Articles de sgarniel
G. Deleuze - Autrui ouvre le champ des possibles
« En comparant les premiers effets de sa présence et ceux de son absence, nous pouvons dire ce qu'est autrui. Le tort des théories philosophiques, c'est de le réduire tantôt à un objet particulier, tantôt à un autre sujet (et même une conception comme celle de Sartre se contentait, dans l'Etre et le Néant, de réunir les deux déterminations, faisant d'autrui un objet sous mon regard, quitte à ce qu'il me regarde à son tour et me transforme en objet). Mais autrui n'est ni un objet dans le champ de ma perception, ni un sujet qui me perçoit, c'est d'abord une structure du champ perceptif, sans laquelle ce champ dans son ensemble ne fonctionnerait pas comme il le fait. [...] Mais quelle est cette structure ? C'est celle du possible. Un visage effrayé, c'est l'expression d'un monde possible effrayant, ou de quelque chose d'effrayant dans le monde, que je ne vois pas encore. Comprenons que le possible n'est pas ici une catégorie abstraite désignant quelque chose qui n'existe pas : le monde possible exprimé existe parfaitement, mais il n'existe pas (actuellement) hors de ce qui l'exprime. [...]

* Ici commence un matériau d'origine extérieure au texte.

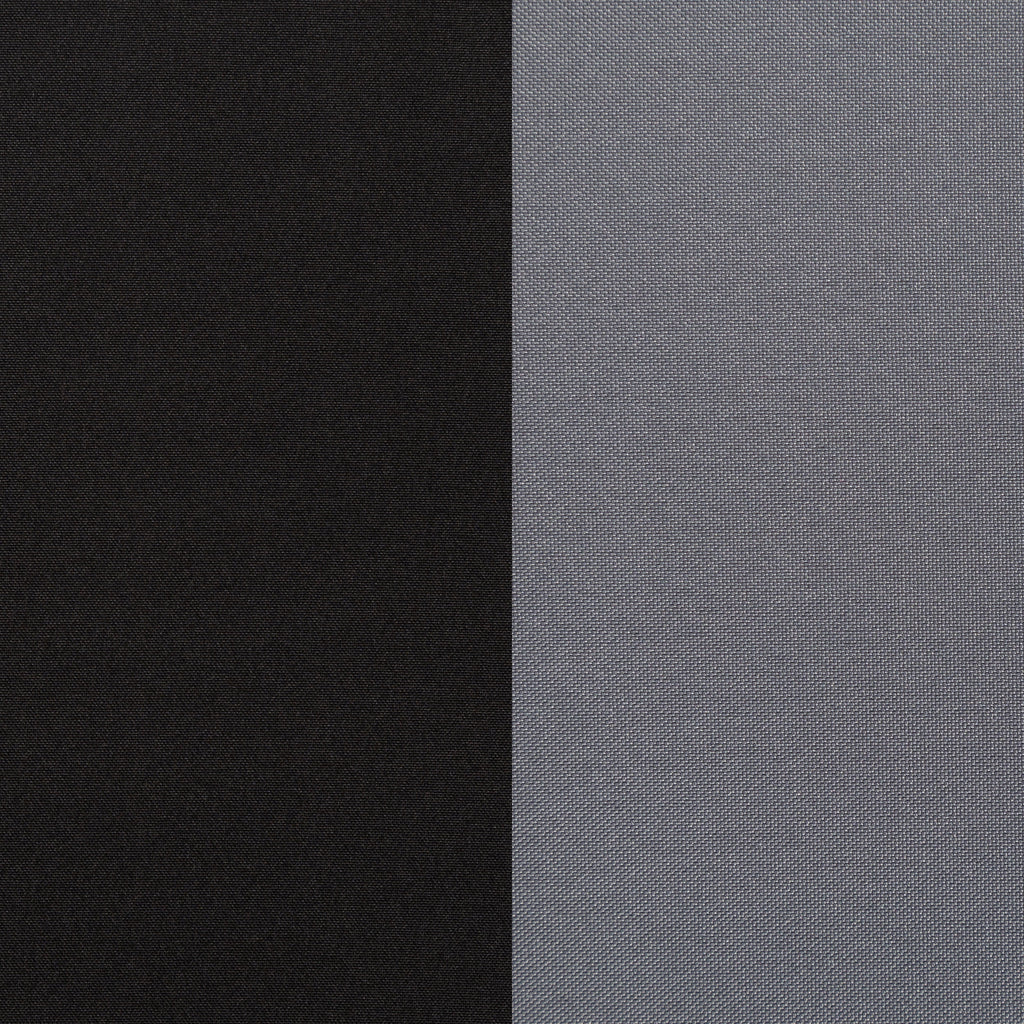 Baby Trend Sit N' Stand®  2.0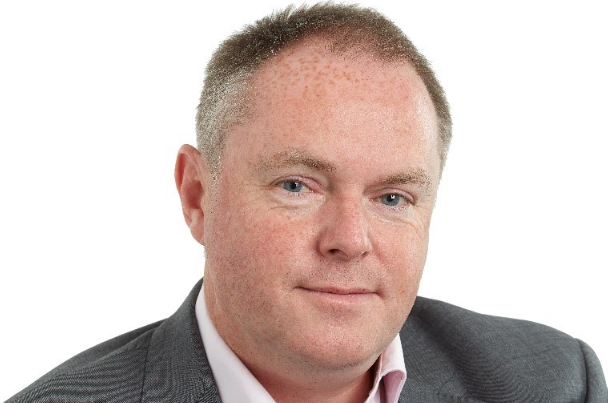 Bluestone Mortgages to launch Open Banking service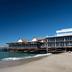 Platja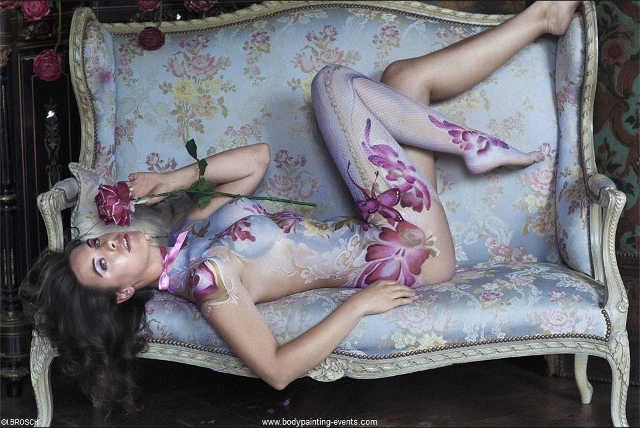 tibodypaint-glamour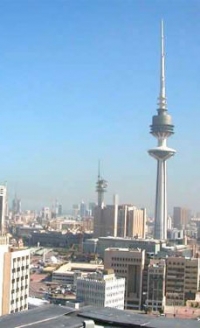 Kuwait Gypsum profits surge in second quarter of 2016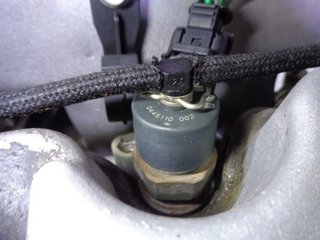 Fiat rectp4848721 182b4000 motor brava 1.9 jtd cat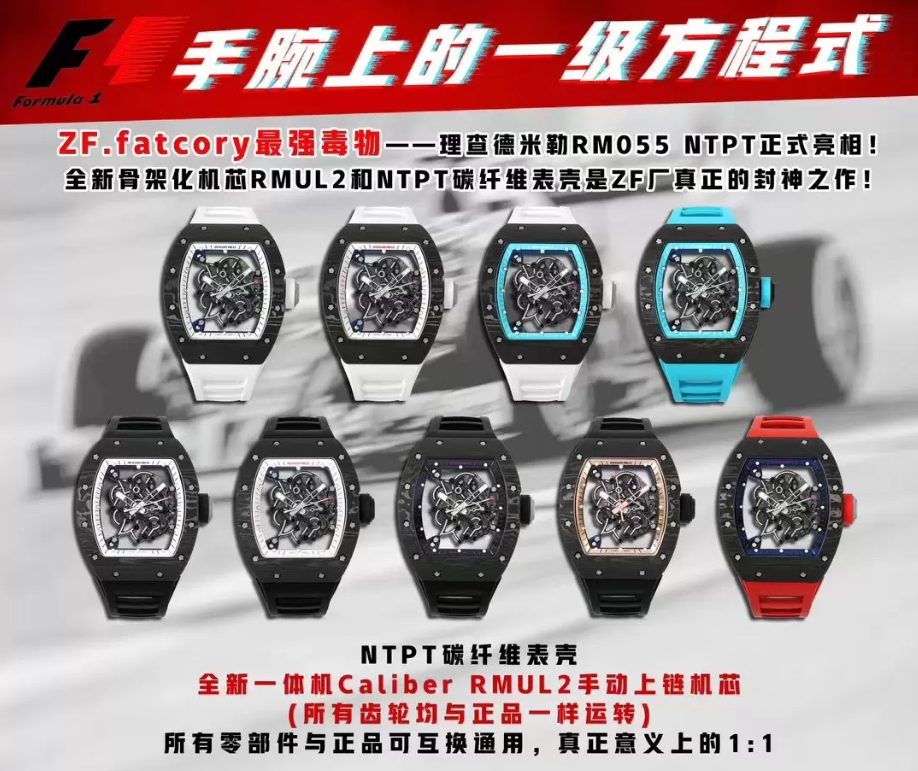 861bb98479511fde343484f48cc5c2b4_1747295955_4115.jpg 861bb98479511fde343484f48cc5c2b4_1747295955_4115.jpg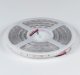 Лента светодиодная DesignLed DSG2120 00-00007784. 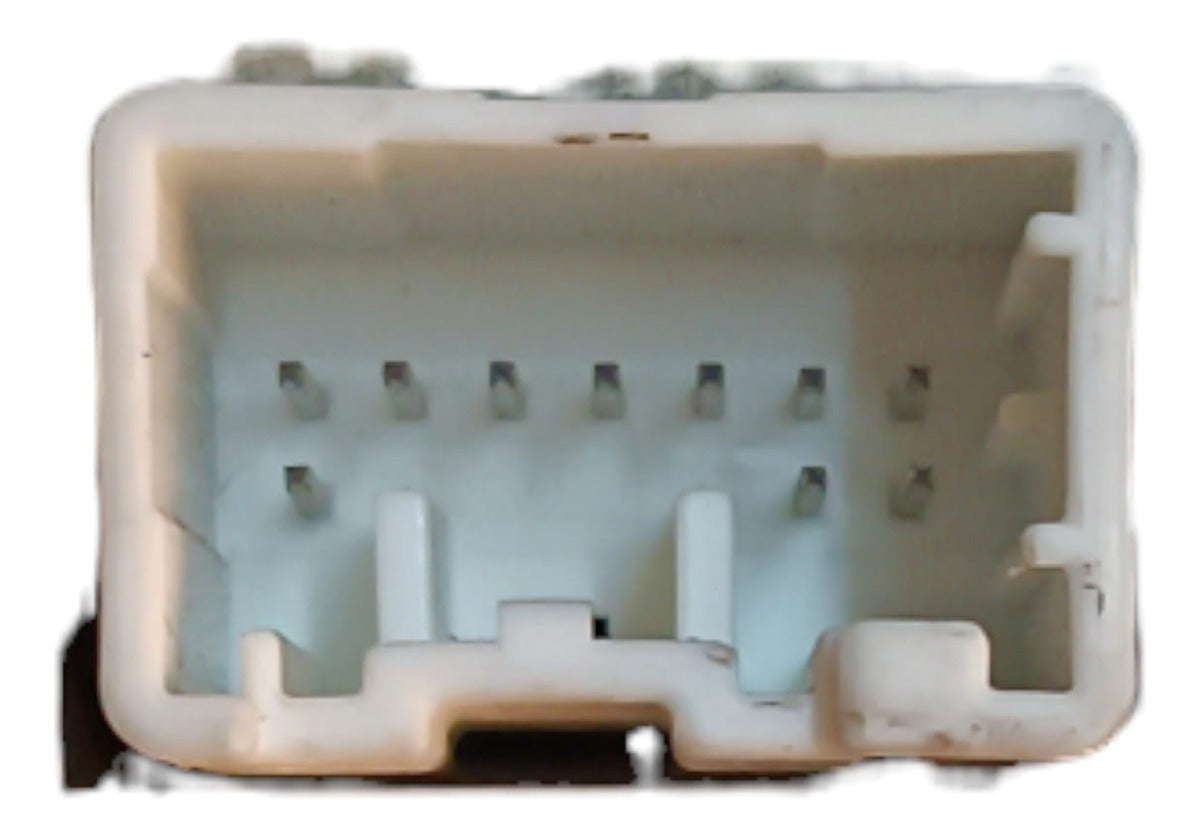 Velocimetro Volvo-s40 2006 62108 C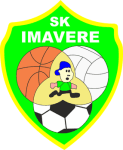 Imavere logo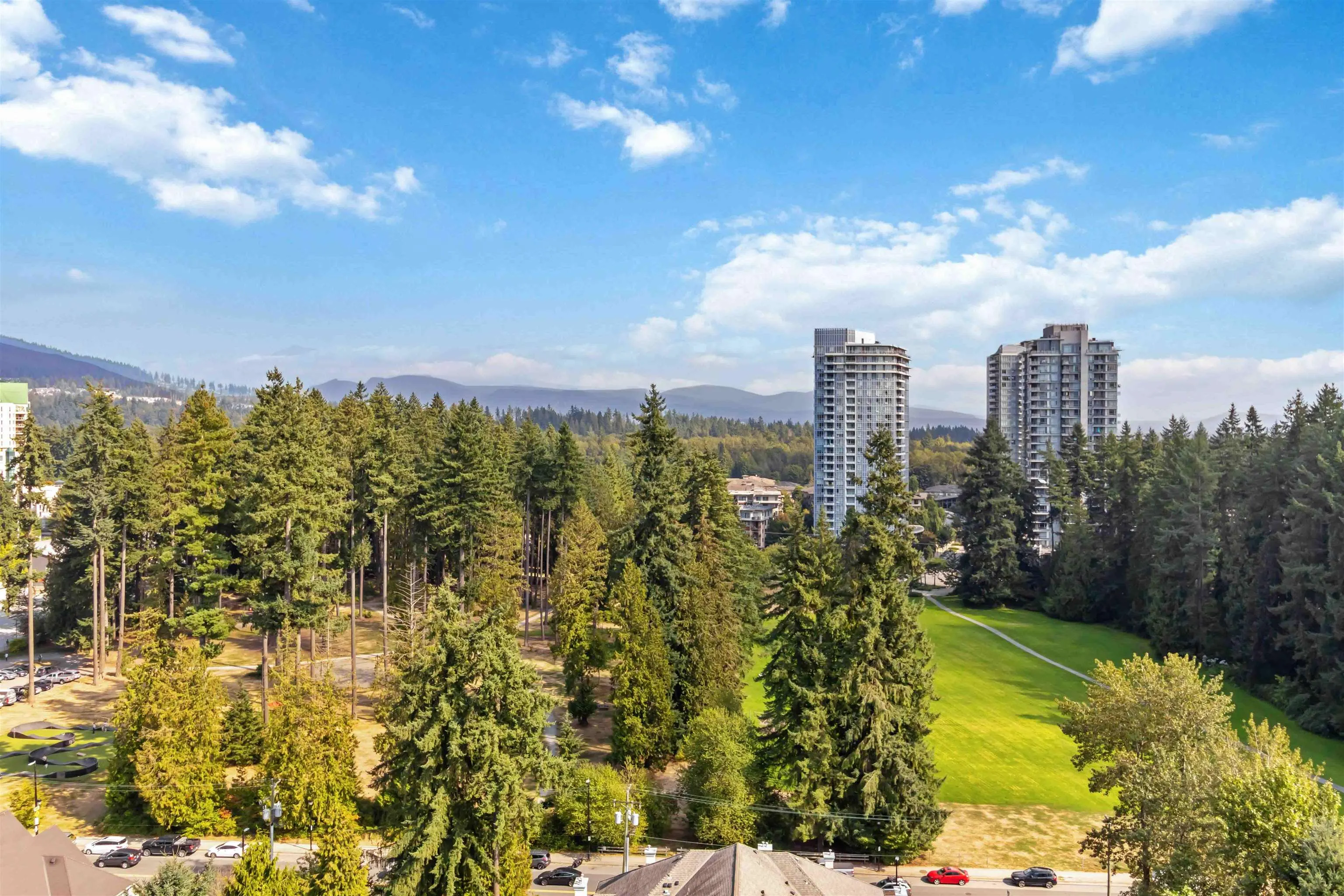 1902 1148 Heffley Crescent
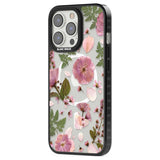 Natural Arrangement of Flowers & Leaves Design Phone Case iPhone 15 Pro Max / Black Impact Case,iPhone 15 Plus / Black Impact Case,iPhone 15 Pro / Black Impact Case,iPhone 15 / Black Impact Case,iPhone 15 Pro Max / Impact Case,iPhone 15 Plus / Impact Case,iPhone 15 Pro / Impact Case,iPhone 15 / Impact Case,iPhone 15 Pro Max / Magsafe Black Impact Case,iPhone 15 Plus / Magsafe Black Impact Case,iPhone 15 Pro / Magsafe Black Impact Case,iPhone 15 / Magsafe Black Impact Case,iPhone 14 Pro Max / Black Impact Ca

Autrui, c'est l'existence du possible enveloppé. Le langage, c'est la réalité du possible en tant que tel. Le moi, c'est le développement, l'explication des possibles, leur processus de réalisation dans l'actuel. D'Albertine aperçue, Proust dit qu'elle enveloppe ou exprime la plage et le déferlement des flots : "Si elle m'avait vu, qu'avais-je pu lui représenter ? Du sein de quel univers me distinguait-elle ?" L'amour, la jalousie seront la tentative de développer, de déplier ce monde possible nommé Albertine. Bref, autrui comme structure, c'est l'expression d'un monde possible, c'est l'exprimé saisi comme n'existant pas encore hors de ce qui l'exprime. »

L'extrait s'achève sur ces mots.